Es gibt für die Patienten mit NOAKs wenig Erfahrungen über das perioperative Gerinnungsmanagement. Von den Herstellern wird ein Absetzen des Medikamentes vor 24 bis 48 Stunden vor dem Eingriff empfohlen. Nach dem Eingriff kann das Medikament wieder bei gesicherter Blutstillung eingenommen werden und eine Heparin Therapie entfällt.

 

Bei einer INR-Wert 2-3 ist eine Unterbrechung der Medikation vor dem Zahnziehen nicht notwendig und es muss nicht mit Heparin überbrückt werden. Bei den Zahnextraktionswunden sollte eine bessere Wundversorgung mit Tamponnaden und Nähten erfolgen.

(Umrechnungstabelle INR-Quick wurde von Keller Medical GmbH,Wiesbadener Weg 2A 65812 Bad Soden zur Verfügung gestellt.)

Acetylsalicylsäure

Die Acetylsalicylsäure (Handelsprodukte: z. B. ASS 100, Aspirin protect) wird zur Vorbeugung von Herzinfarkt und Gehirnschlag eingesetzt. Die Acetylsalicylsäure wirkt in den Blutplättchen – diese sind für die Blutgerinnung zuständig. Das Medikament hemmt die Fähigkeit dieser Blutplättchen zur Blutgerinnung. Die Wirkung der Acetylsalicylsäure besteht während der gesamten Lebensdauer eines Blutplättchens, also sieben bis zehn Tage lang.
ASS muss für die die zahnärztlichen Eingriffe nicht abgesetzt werden, da es sich, auch bei geplanten Zahnentfernungen, meist um Behandlungen mit niedrigem Blutungsrisiko handelt.
In Ausnahmefällen (z. B. schwierige Entfernung von Zähnen, größere chirurgische Eingriffe, etc.) ist es ratsam, das Medikament vorab abzusetzen.
Patienten, die unter einer koronaren Herzkrankheit leiden, aber noch keinen Herzinfarkt erlitten haben, können ASS fünf Tage vor dem zahnärztlichen Eingriff absetzten. Am Tag des Eingriffs kann mit der Einnahme wieder begonnen werden. Patienten, die erst kürzlich einen Herzinfarkt erlitten haben, sollten in den ersten sechs Monaten nach dem Infarkt, das ASS nicht absetzen.

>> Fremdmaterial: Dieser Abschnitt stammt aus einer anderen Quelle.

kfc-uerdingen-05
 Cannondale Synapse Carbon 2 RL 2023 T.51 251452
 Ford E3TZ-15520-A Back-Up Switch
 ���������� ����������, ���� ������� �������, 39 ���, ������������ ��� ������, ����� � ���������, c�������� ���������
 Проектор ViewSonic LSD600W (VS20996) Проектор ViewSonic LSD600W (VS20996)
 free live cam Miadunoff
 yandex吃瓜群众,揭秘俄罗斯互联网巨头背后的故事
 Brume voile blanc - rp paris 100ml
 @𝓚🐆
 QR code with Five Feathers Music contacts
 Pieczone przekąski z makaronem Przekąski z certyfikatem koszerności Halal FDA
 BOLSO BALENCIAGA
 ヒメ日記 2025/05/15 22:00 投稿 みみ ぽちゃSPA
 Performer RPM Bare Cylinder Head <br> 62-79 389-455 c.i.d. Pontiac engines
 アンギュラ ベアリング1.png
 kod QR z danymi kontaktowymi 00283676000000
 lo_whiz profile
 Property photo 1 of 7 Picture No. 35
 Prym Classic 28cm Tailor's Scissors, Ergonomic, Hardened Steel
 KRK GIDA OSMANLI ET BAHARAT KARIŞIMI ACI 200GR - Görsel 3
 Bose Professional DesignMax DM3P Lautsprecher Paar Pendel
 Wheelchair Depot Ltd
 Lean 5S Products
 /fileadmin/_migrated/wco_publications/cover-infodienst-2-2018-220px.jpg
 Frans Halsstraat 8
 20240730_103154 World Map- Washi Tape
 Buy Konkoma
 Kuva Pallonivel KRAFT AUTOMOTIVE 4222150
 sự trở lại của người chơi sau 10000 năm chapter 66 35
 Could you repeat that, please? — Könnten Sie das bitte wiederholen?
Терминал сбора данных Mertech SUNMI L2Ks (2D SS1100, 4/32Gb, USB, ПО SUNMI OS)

Die Acetylsalicylsäure wirkt nicht allein auf die Blutgerinnung. ASS hat auch einen vorbeugenden Schutz vor bösartigen Tumoren, insbesondere vor Darmkrebs.
Ferner wurde festgestellt, dass bestehende Tumoren unter der Einnahme von ASS weniger Metastasen bilden und die Tumorsterblichkeit unter Einnahme von ASS zurückgeht.